= Irish Statistical Association =

Learned society

The Irish Statistical Association is a learned society which describes itself as "Ireland's primary professional association devoted to the interests of statistics and statisticians".

It was established in 1997, as an outgrowth on the annual Conference on Applied Statistics in Ireland (itself established in 1981), in order to better educate the public about statistics and its applications in society. As well as sponsoring the conference, it organises presentations, exhibits, and prizes regarding statistics at the annual Irish Young Scientist's Exhibition.
It operates as an all-Ireland body.
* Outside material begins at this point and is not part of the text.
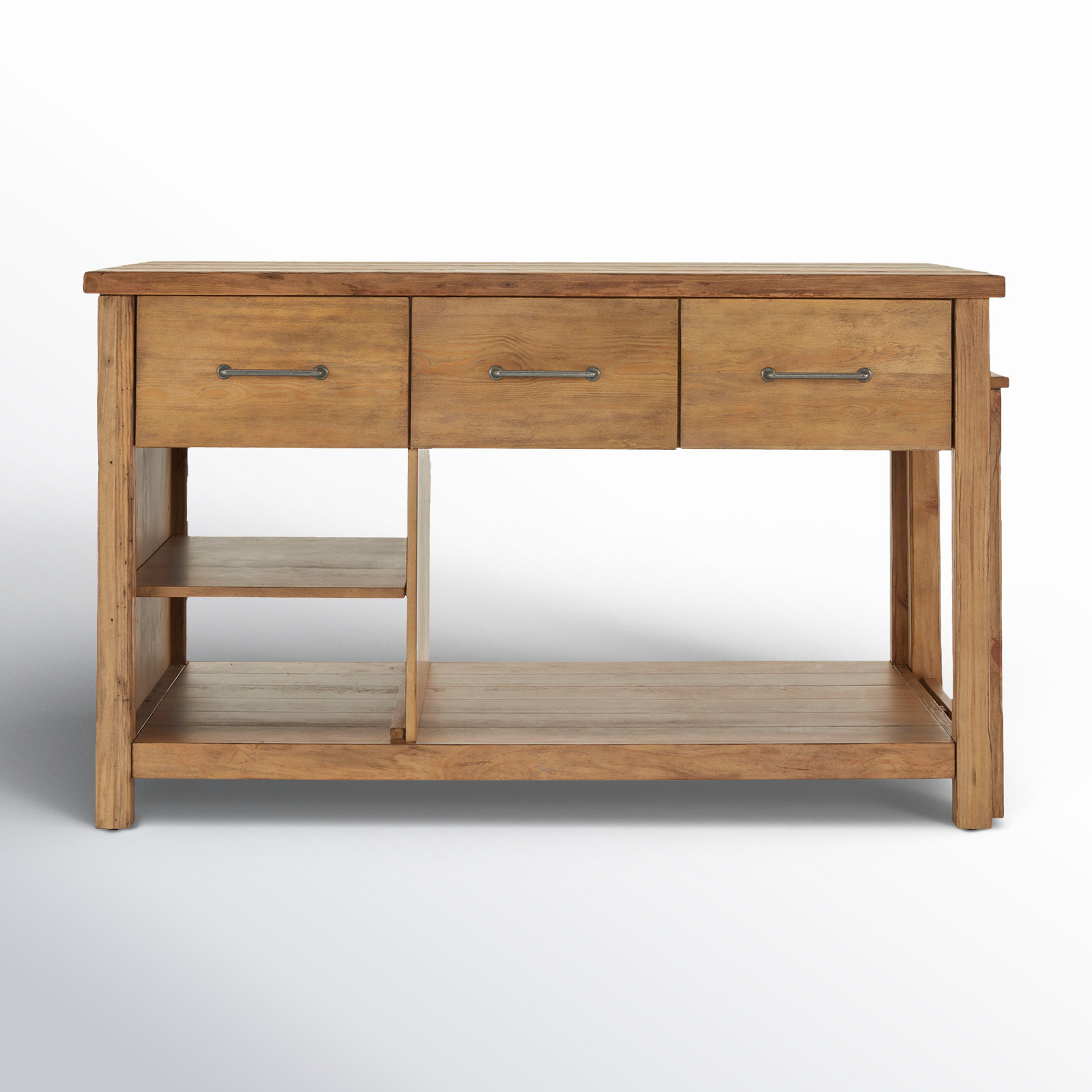 Tinka 3-Drawer Rectangle Pine Kitchen Island , Carbonized Pine, Natural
In 2001 it began selecting honorary members, naming Garret FitzGerald as its first such member.

Together with the Statistical and Social Inquiry Society of Ireland, the Irish Statistical Association is one of two Irish statistical organisations recognised by the International Statistical Institute.
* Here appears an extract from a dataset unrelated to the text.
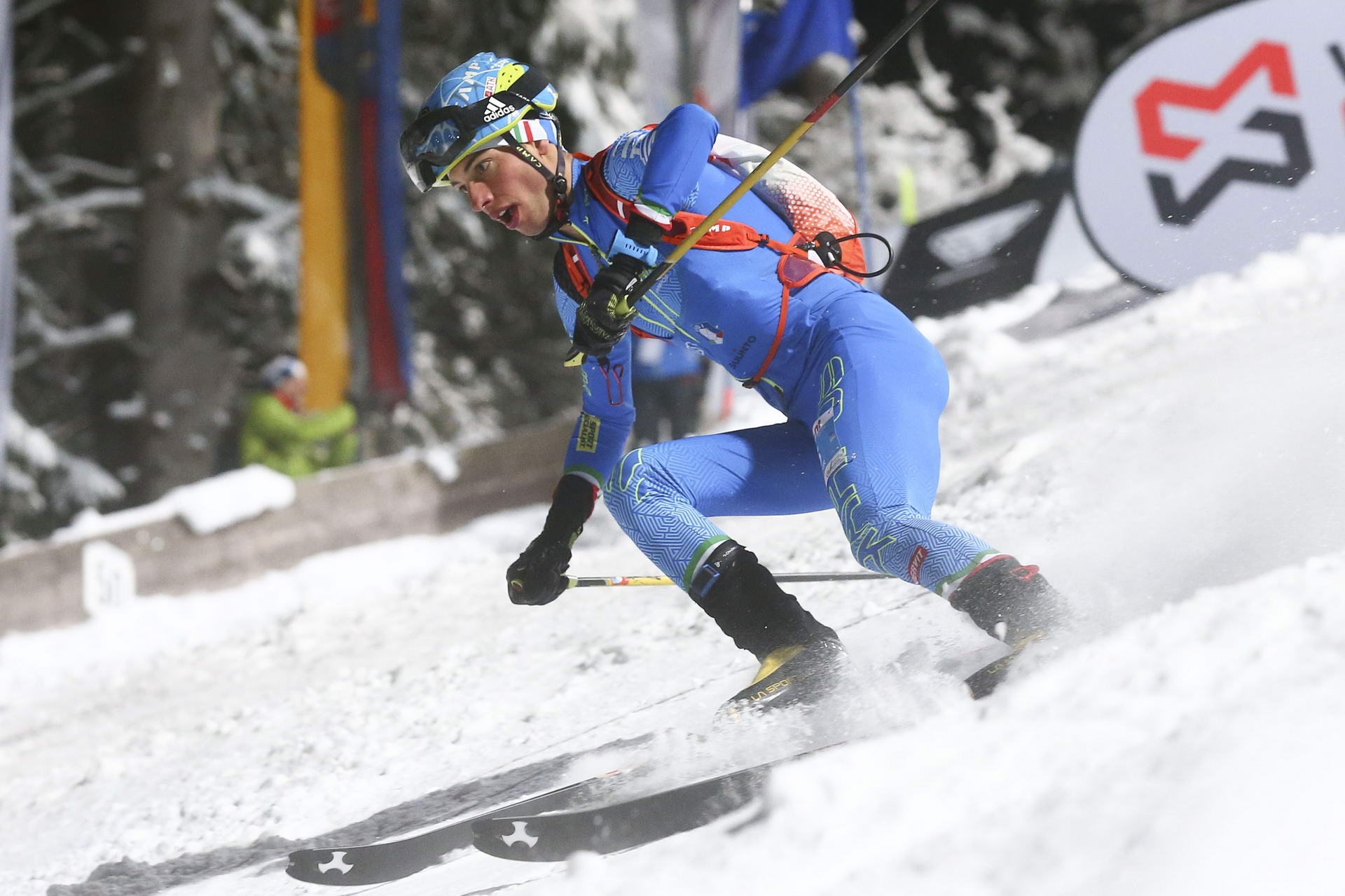 SALZBURG, AUSTRIA - JANUARY 18: Nadir Maguet of Italy during ISMF World Cup Sprint Race at Paul Ausserleitner Schanze on January 18, 2019 in Salzburg, Austria.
The president of the association for 2019–2020 is Kathleen O'Sullivan.
Past presidents have included Phil Boland (1997–1998), Sally McClean (1998–2000), Dennis Connife (2000–2002), John Haslett (2002–2004), Gilbert MacKenzie (2004–2006), John Hinde (2006–2008), John Connolly (2008–2010), Adele Marshall (2010–2012), John Newell (2012–2014), Brendan Murphy (2014–2016), and Gabrielle Kelly (2016–2019).